Vanessa’s death stinks of the writers not knowing what to do with her character anymore. This is a recurring problem especially in action movie franchises, where one movie ends with the hero getting his trophy, his prize of the girl and the happily ever after, only for the sequel writers to have to properly motivate the hero to do some heroing in the next movie.
But, killing off the girlfriend isn’t the only way to motivate the hero or to handle having had a “happy” ending in the last movie. For a superhero example, look at Ant-Man and the Wasp — Hope is brought to more prominence in the sequel, allowed to be her own superhero and take the stage with the titular male hero. In the comics Vanessa is the mutant Copycat who could have been treated in much the same way as the Wasp. Deadpool 2 could have included Vanessa learning her newfound powers, and being introduced as a new member of X-Force, with Wade fluctuating between allowing her to be badass in her own right and the not baseless fear of losing her. Deadpool is, after all, functionally immortal, and here could have been the opportunity to do something about the fridging so prevalent in the industry with a few jokes and callouts that only someone like Deadpool can make.

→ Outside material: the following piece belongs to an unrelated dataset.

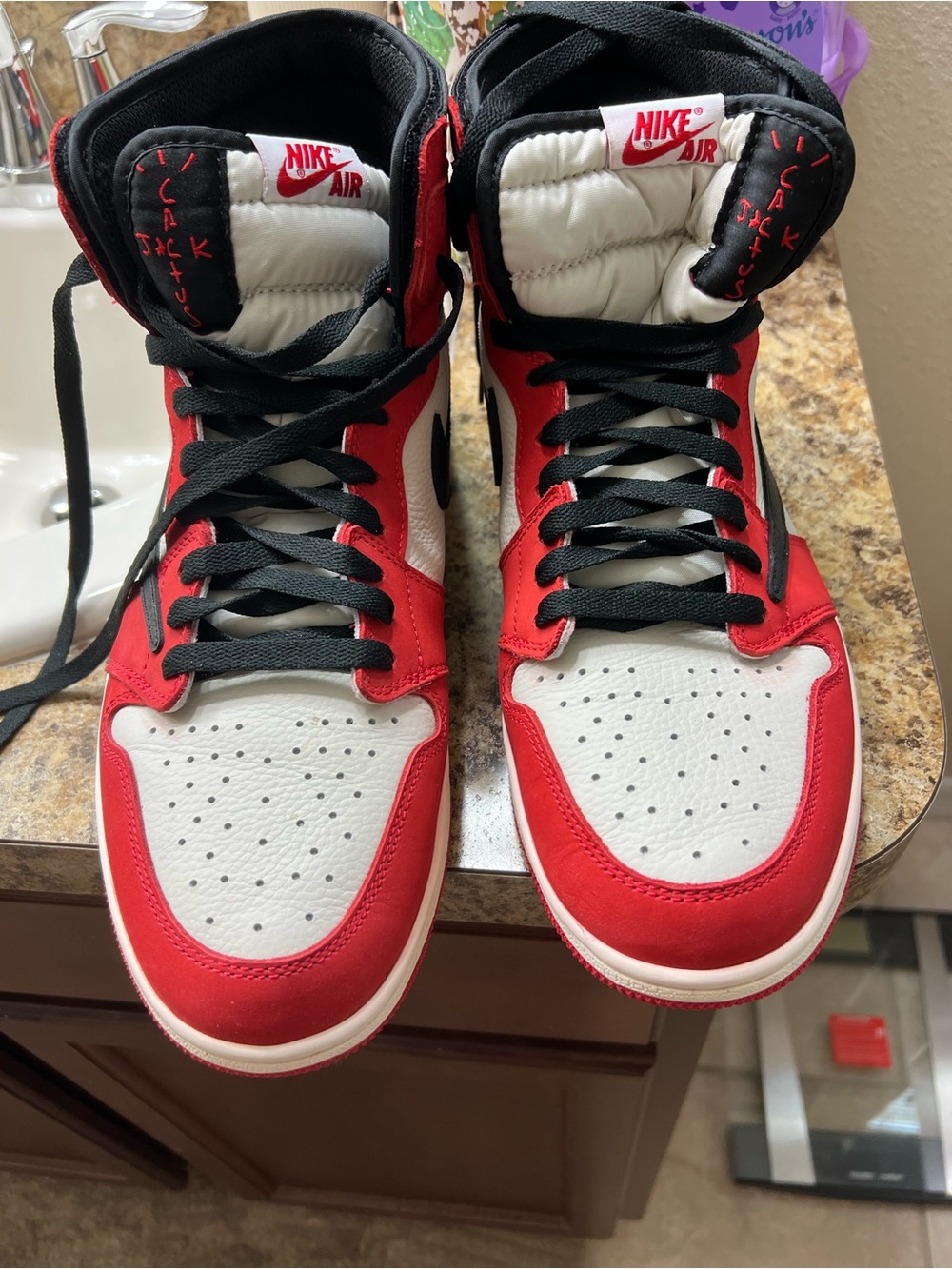 Nike Air Jordan 1 High - Cactus Jack Fantasy pair colorway from the movie “AIR” - Picture 10 of 11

Any potential future Deadpool movies are now tied up in questions of crossover with the Marvel Cinematic Universe and how to combine the X-Men into existing franchises, and we’re a long way away from anything being confirmed. However, with some troubling indications that Morena Baccarin won’t be returning, more than a few alarm bells are ringing.
Franchises, and especially action movie franchises, have a disappearing woman problem. Think of your Jason Bournes and Mission Impossibles, where all the male side characters get to come back for every sequel, but the female ones are either killed in the first few minutes or suffer from never being mentioned ever again. For comic books and the movies they have spawned, this also holds true. Wolverine gets the girl, but she gets killed in the first few minutes. The Punisher finds half a second’s worth of peace, but nope, she’s been shot now, and he’s back to square one.
The writers instead recycle the old formulas, never seeming to want to explore a happy couple struggling through the plot of the movie together, and the audience loses out on a cool character given the chance to breathe and grow into her own.